The short shrift given to the non-Left was a constant gripe with this school.

Rakesh Sinha, a political science professor at Delhi University, recalled the tipping moment that firmed up his objective to get the non-Left its “rightful” place in polemics and policies.

An honorary director of the India Policy Foundation, he recalled a question he was asked by a panel of academics that interviewed him when he had applied for an MPhil at Delhi University in 1989.

“I was a topper in MA. Yet, the only question they asked was what is the difference between you and (Nathuram) Godse (Mahatma Gandhi’s assassin)? Perhaps the provocation was I was a member of the ABVP (Akhil Bharatiya Vidyarthi Parishad, the RSS’s student wing) or that I had written a dissertation on (KB) Hedgewar (Sangh founder),” Sinha said.
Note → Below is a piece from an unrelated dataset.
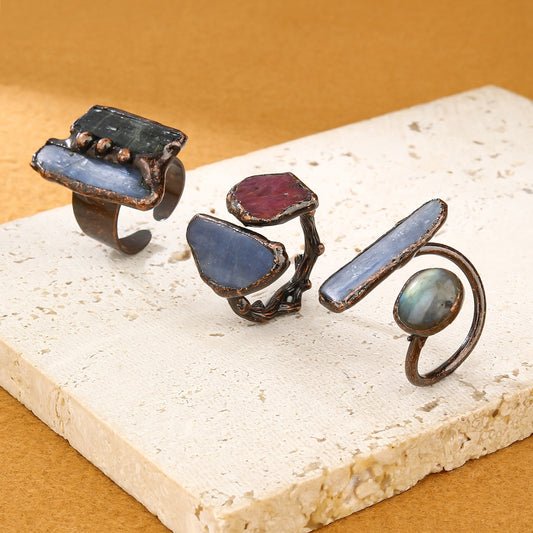 Retro Style Natural Green Crystal Bronze Plated Open Ring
“My answer was every signatory of the Anandpur Sahib Resolution is not Beant Singh. So every Hedgewar sympathiser is not a Godse adherent. I was stunned to know how little these professors knew outside the ideological space they inhabited and worse still, how they had straitjacketed the nationalist ideology in black-and-white terms. Unfortunately, after Independence, governments hugely patronised the Left-based discourse,” he said.

Another India Foundation director, A. Surya Prakash, whose core areas of interest were the working of democracy, Constitution and Parliament, amplified the point about Left intellectual domination.

When the Modi government grappled with the question of whether the Congress could legitimately claim the Opposition leader’s post because it was short of numbers in the Lok Sabha, it was Surya Prakash who did the homework and provided the background.

“The Left’s focus was on subaltern studies, medieval history. But because of its dominance in academe, bureaucracy and the media, and the Left’s contempt for bourgeois democracy, after Independence there were no studies on Parliament, the Election Commission, the Supreme Court or the state assemblies,” he said. Surya Prakash is using his stint in the foundation to “fill this big lacuna”.

In tangible terms, what does a BJP government imply for these places?

“Quite a lot,” conceded Atul Jain, an associate with the Deendayal Institute, that dates back to 1968. He said the institute would celebrate Jan Sangh ideologue Deendayal Upadhyay’s birth centenary in 2016 with “greater fervour” because of the Centre’s support. In real times, the RSS-BJP will use the occasion to spread their ideology to the unconverted the country over, said a Sangh source.

Sinha leveraged his position to help Bangladeshi writer Taslima Nasreen renew her Indian visa from the home ministry. Taslima is likely to get a fellowship from his foundation to write her next book.